This may not be the first time Karen Chen’s skated her new short program in competition, but it is the first look most of the world is getting at it. Appropriately enough, she nailed it, showing her short is a vehicle that can take her far, and even netted her 73 points:
Chen also nearly broke 145 in an almost as good free, though there her triple-triple was less successful. Behind her in second, Caroline Zhang impressed too, skating both her programs with elegance and finesse. Unfortunately, Polina Edmunds did not impress as much, with two bad skates leaving her in eighth. View short program results here, and free skate results here.
Lake Placid International
But the ice dancers were all in Lake Placid. For many years now, most of the North American ice dance community have gathered there at the end of July for the Lake Placid Ice Dance Championships, where if it is a version of ice dance that anyone competes in, there is a club-competition style of event for it. But last year for the first time, there was an official international competition there too, the Lake Placid International. It was back this year, and was the event of choice for most of the senior couples in town, and most of the higher-ranked junior ones.
Though plenty of foreign couples were in the senior competition, at least, the podium was still a U.S. sweep. The entries being who they were, that wasn’t a surprise. What was was which one was on top. Lorraine McNamara & Quinn Carpenter were toppled from the top of the junior scene last year in a season where they were plagued by continual errors. But this weekend they were on the entire time, winning by nearly ten points. From going between contrasting music in the short dance, to their craftily choreographed tango free dance, they showed just how good they can now be when they’re on:
Rachel & Michael Parsons, the team that toppled them, had a rough start, with a long wait for the short dance music to start and then a fall.
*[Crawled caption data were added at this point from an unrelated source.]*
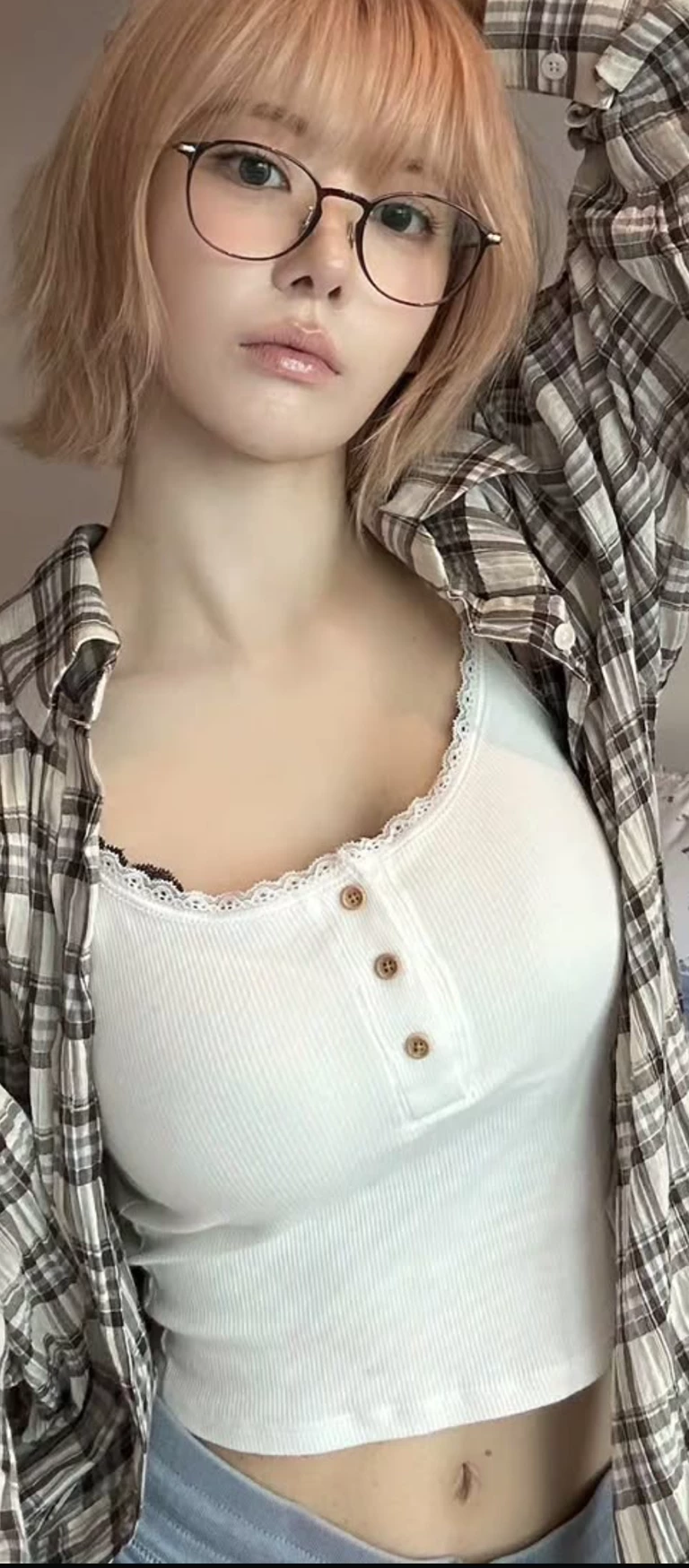 Sakura miyawaki thumbnail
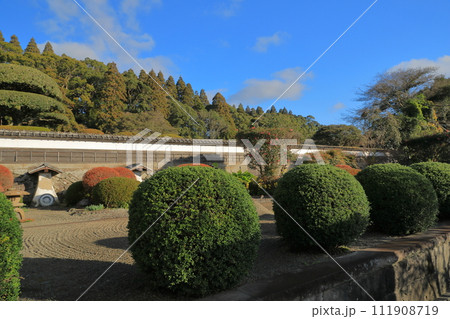 日南市飫肥城下町の四半的射場の和の景色 111908719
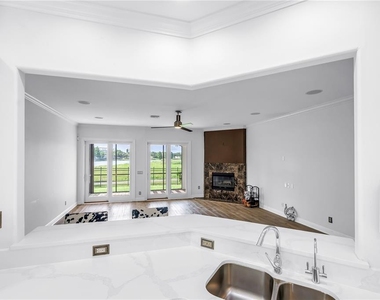 651 Saxony Boulevard - Photo Thumbnail 9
They did better after that though to get their way up to silver, even if the chorography of their free dance doesn’t really meet the challenge of the music. It probably helped them that Elliana Pogrebinsky & Alex Benoit, second with their short dance, had a late lift that went wrong in a free dance with way too much of “I Put a Spell on You,” though bronze was still no problem.
Most of the teams in the junior international competition were American, including all the medalists. Christina Carreira & Anthony Ponomarenko took the gold. Their short dance songs were a bit of a strange match, while their free dance music was strange only in that is was much like what they did last year. But they did last year’s free dance well, and this one even better, even with a moment of uncertainty at the very end.
View full results here.
Minto Summer Skate
In Canada, the Summer Skating Series started with the Minto Summer Skate in Ottawa. Like the U.S. club competitions, they are unofficial events, contested mostly by Canadian skaters, but with foreign skaters mixing in freely, used by higher-ranked skaters to get mileage and feedback, and those a step below to impression the federation and get international assignments. The Minto Summer Skate is one of the smaller ones.
The major event was the men, where the field included four men who all have a chance of joining Patrick Chan on the Canadian Olympic team. But they all ended up getting outskated by one too young for that. With the memorable short with a quad salchow-triple toe combination, it was a pity Stephen Gogolev didn’t take the lead:
But when Roman Sadovsky skated a mostly just okay one with the same combination, he led by two points. Gogolev then did a solid rendition of his long program, a holdover from last season, and not as striking, which a couple of errors didn’t help. But when Sadovsky’s free skate included two falls, he dropped behind, and Gogolev won.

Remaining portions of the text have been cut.